A team of Colorado State University researchers has co-directed a study that found that the organism that causes melioidosis — and which is considered at top biothreat for potential use in an act of terrorism — can become resistant to the antibiotic most commonly used to treat it by mutating in a way scientists have never seen before. The study holds important clues for treating melioidosis and for future studies that may help unlock the strategies bacteria use to become resistant to antibiotics.
Melioidosis is a deadly disease if not treated quickly and with the right antibiotic, usually ceftazidime. It is caused by the bacteria Burkholderia pseudomallei.
Typically, bacteria have been known to mutate or change to become resistant to antibiotics by making a small but effective change in their DNA. Researchers on this project, co-directed by Herbert Schweizer, a researcher in the university’s Department of Microbiology, Immunology and Pathology, discovered that the bacteria completely discarded an entire section of it is DNA to develop resistance to a key drug used to treat it. This research was prompted when doctors began to notice that a significant number of cases treated with the standard antibiotic ceftazidime did not improve.
“To see a bacterium remove large portions of its own DNA is surprising because it’s almost like bacterial suicide,” Schweizer said. “The bacteria are weakened by this change — evidenced by the fact that they grow very slowly in typical conditions. Its slow growth helped it elude proper treatment because it didn’t show up on tests which depended upon seeing bacteria multiply in the test media that Burkholderia pseudomallei typically thrives in. This new mutant form of the bacterium we looked at in this study was likely responsible for a good portion of about 11 to 17 percent of the cases of melioidosis that did not respond to ceftazidime treatment.”

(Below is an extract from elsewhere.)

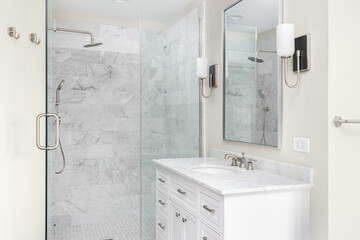 A bathroom with a white cabinet, marble countertop, and a shower with marble subway tiles.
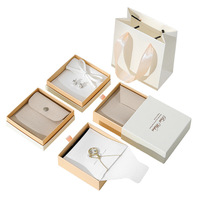 Vente en gros d'ensemble de boîtes d'emballage de bijoux boîte à bijoux en deux parties avec pochette à bouton-pression et sac en velours pour le stockage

Schweizer said that it was surprising to see the DNA of the bacterium change so significantly and still cause disease.
“The ultimate outcome of this research is that, when patients don’t respond to ceftazidime, we now know what to look for. And hospitals can begin using new tests to diagnose the problematic mutant strains early and patients can then be treated with other antibiotics that may be more effective against the resistant strains,” Schweizer said.
Burkholderia pseudomallei is considered an important research priority by the U.S. government because it is not commonly seen in other areas of the world and could be used as a bioweapon. The bacteria are found in water and soil in areas of Thailand and Australia, and melioidosis is also becoming an emerging disease in India and other parts of the world. It is not found in the United States other than rare cases contracted by people while traveling abroad. Because it is not common in the U.S. and other countries but is deadly and requires only a small amount to cause illness, it is considered a biological weapon threat. It has historically been researched for use as a biological weapon.

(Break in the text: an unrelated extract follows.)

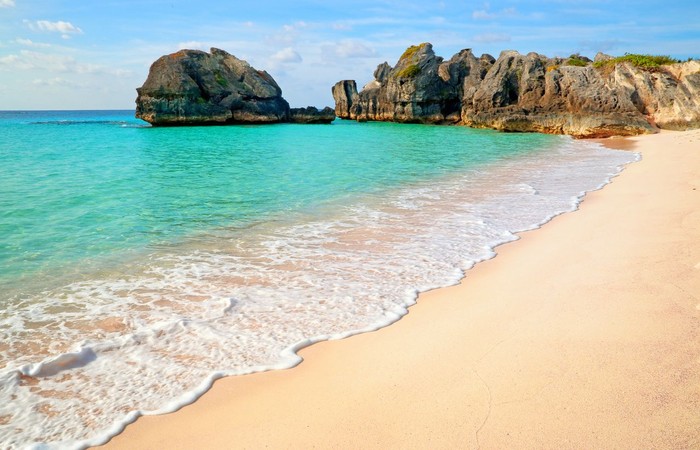 Beautiful beach with waves in Warwick Long Bay in Bermuda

The mortality rate of melioidosis in some parts of the world is still as high as 40 percent even if diagnosed and treated swiftly. It causes pneumonia and other infections in people and many animals including goats, cattle, sheep, dogs and cats.

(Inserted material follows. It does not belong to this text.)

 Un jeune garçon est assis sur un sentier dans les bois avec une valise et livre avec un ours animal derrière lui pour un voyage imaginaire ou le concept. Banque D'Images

Schweizer conducted the research as part of the projects located in the University’s Rocky Mountain Regional Center of Excellence for Biodefense and Emerging Infectious Diseases Research, a consortium of researchers from around the West devoted to finding tests, cures and preventions for some of the world’s most deadly infectious diseases, with efforts devoted to national and global health as well as part of the nation’s biosecurity strategy.
The research team in this study includes former CSU graduate student Drew A. Rholl and also is comprised of scientists from Mahidol University in Bangkok, Thailand; Genome Institute of Singapore; University of Cambridge; and Oxford.
The research findings were published in today’s issue of the Proceedings of the National Academy of Sciences.